Over the next couple of weeks, there were no pushes to production. I monitored source control and build machines, and found code check-ins to have slowed down considerably. The quality of conversations on new designs lacked the creativity that they did before, and the product owner would only show up briefly to clarify or discuss an issue, then would scurry back to the other side of the building. Everyone got sick because they were stressed and working too much, and they would struggle to work from home, or drag themselves in to meetings.

I couldn’t get much out of anyone other than “Talk to the product manager”, so I made sure to track him down. I asked what was going on and that I had noticed some changes with the team. He explained that senior managers weren’t happy with the team’s productivity, so he called a team meeting and threatened them. He told the team that he had picked each of them for this project, and he could easily get rid of them and replace them with other people who were coming off of other projects in the company, or hire new people. He had created this team and he wasn’t afraid of tearing it down and starting over if they didn’t start working faster.

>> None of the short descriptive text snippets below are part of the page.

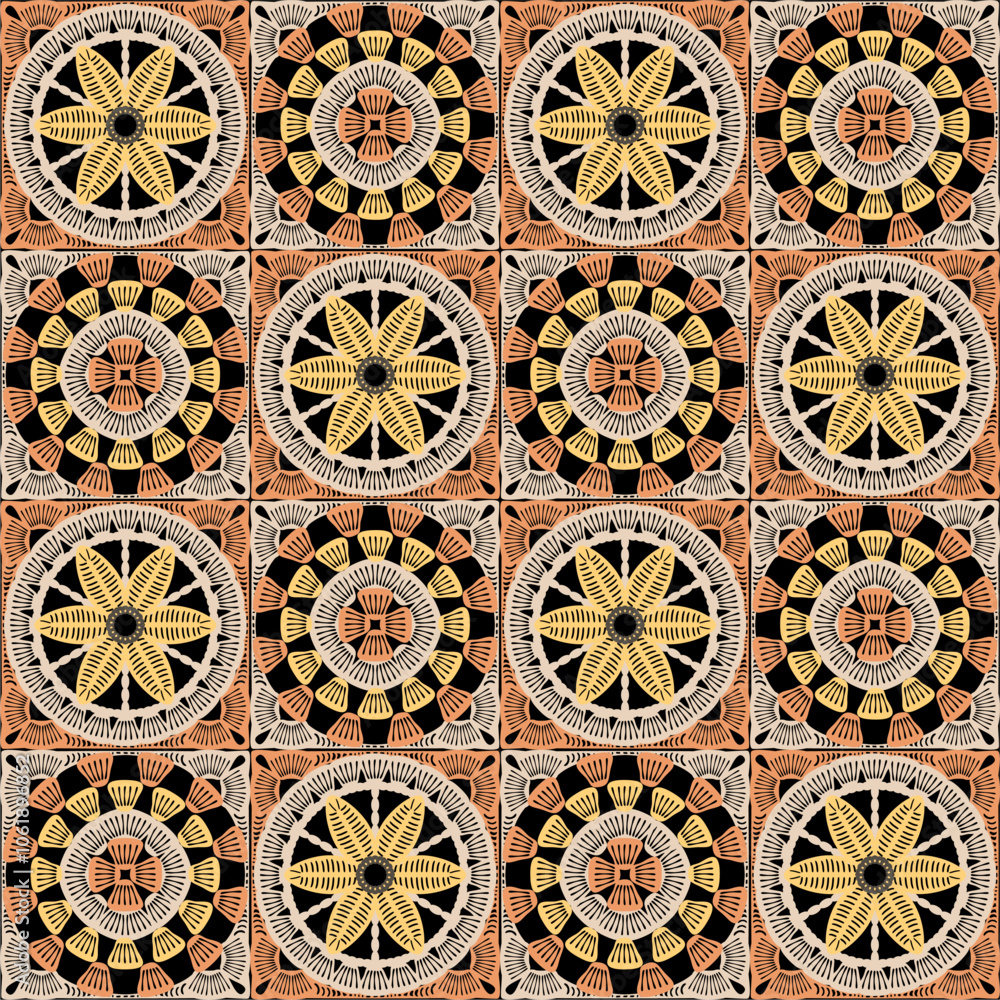 Pattern with crochet granny square with flowers wallpaper handmade decorative art design print Pattern with crochet granny square with flowers wallpaper handmade decorative art design print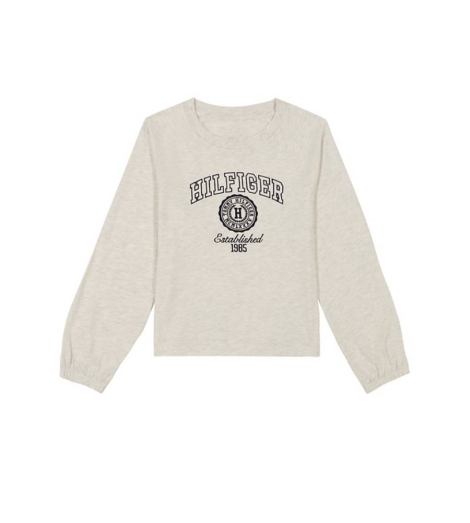 Детский лонгслив Tommy Hilfiger с вышитым логотипом 1159836052 (Молочный 7)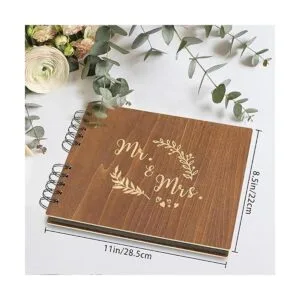 Creawoo lbum de invitados de madera MrMrs de 11_2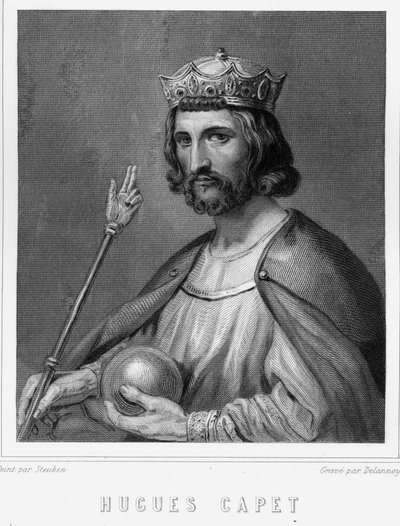 Portret Hugues I Capet (v. 941 - 996), księcia Francji, a następnie króla Francji - w „Histoire des Français” Lavallée, rycina, sd. autorstwa Unknown artist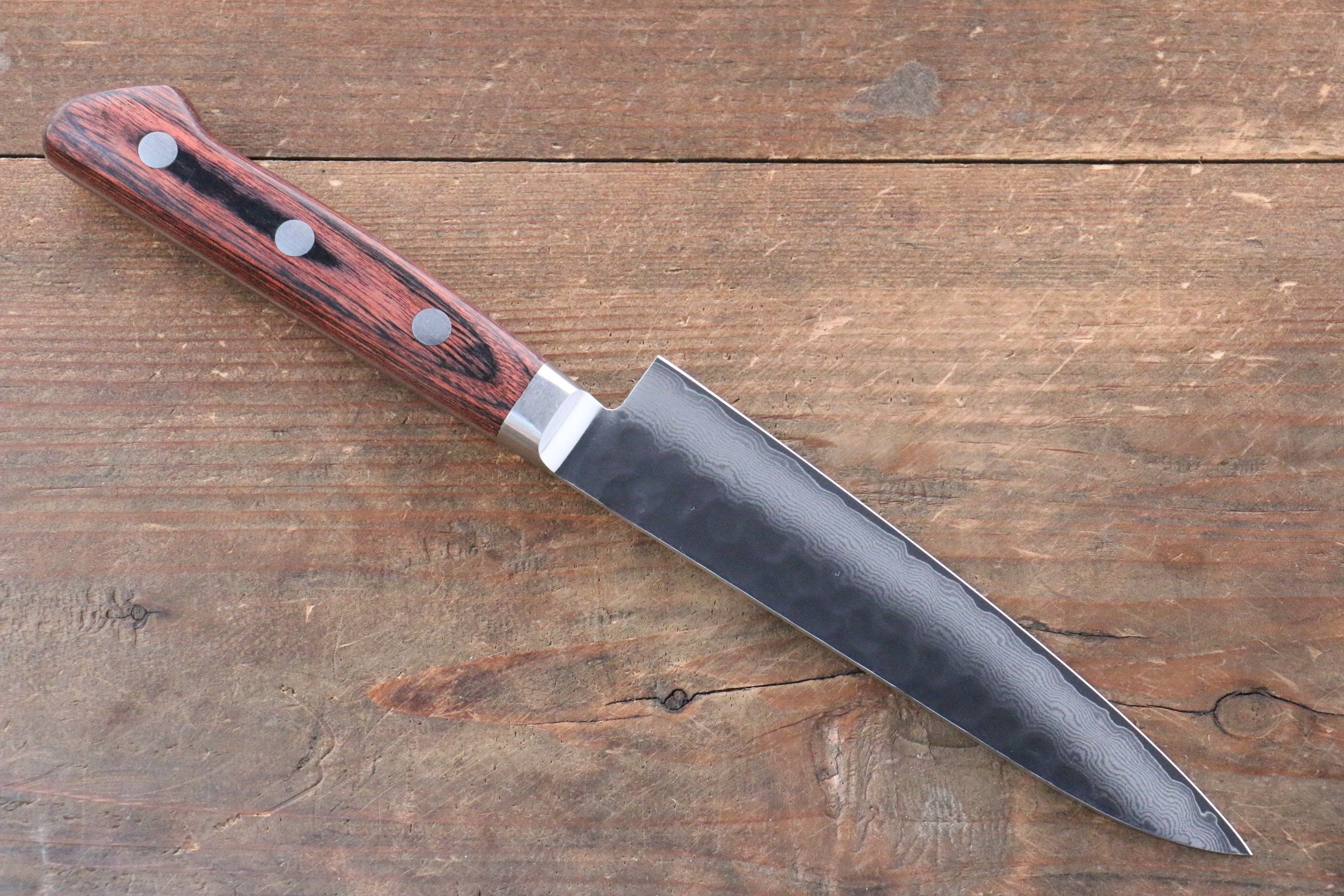 Seisuke VG10 33 Layer Damascus Petty-Utility 135mm Mahogany Handle with Sheath - Seisuke Knife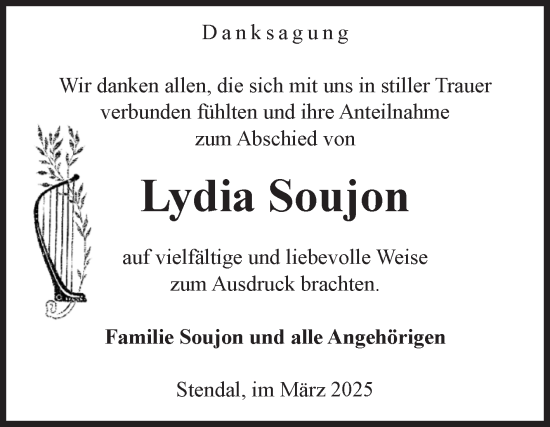 Traueranzeige von Lydia Soujon von Volksstimme Altmark Ost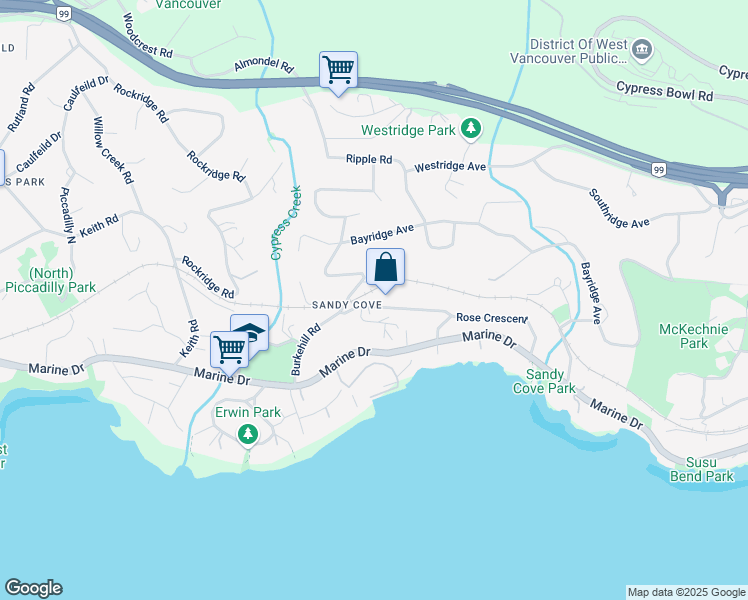 map of restaurants, bars, coffee shops, grocery stores, and more near in Vancouver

“Are they afraid for their jobs?” I asked.

“They should be.”

Wow.

You can imagine my reaction. I tried to be calm and not ask if he was ****ing crazy, and if he really wanted the product to fail. Well, I did say it, but in much more diplomatic terms. The product manager told me he was directed by senior management to “put the fear of God in the team” and they wouldn’t relent. They understood it was killing productivity and it had a negative effect, but they were just doing what they were told.

The product manager felt the approach was drastic, but appropriate. When I also talked with senior management, they said they had no intention of letting people go, but if they feared for their jobs, they would work harder. No matter that people were so stressed out now that they were getting sick, no matter that productivity had plummeted, no matter that some team members weren’t even hiding the fact they were looking for new jobs, no matter that the development team had packed their belongings in boxes, waiting for the inevitable tap on the shoulder from HR. They felt that eventually people would work faster and do exactly what they wanted.

The opposite occurred. Productivity cratered, and people did get some work done, but the creativity, unique and amazing solutions disappeared. (There go some of your product differentiators.) After advising that this was abusive and not a suitable way to treat people, I left the project. It seemed that leadership were far more interested in feeling in control than creating a great product and having a productive, happy team. Their egos were stroked by controlling people, so that trumped everything. (This is likely why the Dread Pirate Roberts behaved the way he did in the movie threatening and toying with a captive.)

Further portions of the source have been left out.